Buon Natale, Taranto

 

Coltivare la speranza di diventare finalmente una vera comunità
pubblicato il 25 Dicembre 2019, 10:21
2 mins

Passerà, questo, come il Natale del presidente del Consiglio Giuseppe Conte in visita alla città. Proprio come Paolo VI, nell’ormai lontano 1968. Stessa sede – lo stabilimento siderurgico – ma molto, molto diversi i personaggi e le stature. Con tutto il rispetto per Conte, al quale va almeno riconosciuto il merito di metterci la faccia. A prescindere, visto e considerato che altri – tanti, troppi – hanno propalato in un passato nemmeno troppo lontano mirabolanti promesse. E poi da queste parti sono scomparsi… molto coraggiosamente.

Taranto trascorre certo un Natale difficile, incerto, nel quale non può che affidarsi alla speranza. Che poi, passatecela, è sempre l’ultima a morire. E’ città in crisi morale, economica, sociale, è aggrappata a un domani del quale non si conosce alcunchè. Vive perchè deve, prega perchè deve, spera perchè così è se vi pare. Ma non può progettare, perchè nessuno ora può promettere.
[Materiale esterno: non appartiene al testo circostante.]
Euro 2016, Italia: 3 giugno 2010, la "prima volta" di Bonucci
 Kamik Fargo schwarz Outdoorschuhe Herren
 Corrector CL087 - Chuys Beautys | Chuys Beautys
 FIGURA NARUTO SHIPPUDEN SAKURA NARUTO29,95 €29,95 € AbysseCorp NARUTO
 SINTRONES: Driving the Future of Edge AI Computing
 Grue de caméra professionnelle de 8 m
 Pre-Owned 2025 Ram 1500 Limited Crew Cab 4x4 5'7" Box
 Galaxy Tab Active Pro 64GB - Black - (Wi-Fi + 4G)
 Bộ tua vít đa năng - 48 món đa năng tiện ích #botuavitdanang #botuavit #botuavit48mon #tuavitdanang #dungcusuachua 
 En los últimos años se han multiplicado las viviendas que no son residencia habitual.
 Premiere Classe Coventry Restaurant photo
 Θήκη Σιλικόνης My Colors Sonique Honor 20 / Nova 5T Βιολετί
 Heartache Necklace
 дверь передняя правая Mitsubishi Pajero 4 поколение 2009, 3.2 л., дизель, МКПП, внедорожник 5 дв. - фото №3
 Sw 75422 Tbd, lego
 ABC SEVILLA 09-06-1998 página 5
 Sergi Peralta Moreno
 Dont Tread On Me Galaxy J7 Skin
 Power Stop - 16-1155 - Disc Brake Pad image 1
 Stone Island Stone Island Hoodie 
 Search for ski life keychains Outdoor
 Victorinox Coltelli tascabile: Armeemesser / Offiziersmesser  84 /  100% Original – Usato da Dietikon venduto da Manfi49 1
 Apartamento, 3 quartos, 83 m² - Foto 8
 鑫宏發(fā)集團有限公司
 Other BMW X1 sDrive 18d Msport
E’ una città divisa, rassegnata, narcisa, prigioniera delle comparanze, a tratti menefreghista, strafottente, ma di certo ostaggio di altri poteri, di altre volontà, di altri disegni. Proprio come, inutile ripeterlo, la storia insegna da almeno oltre un secolo a questa parte. E non essendo comunità, nel più alto valore del termine, gli strateghi del potere ci sguazzano senza ostacoli.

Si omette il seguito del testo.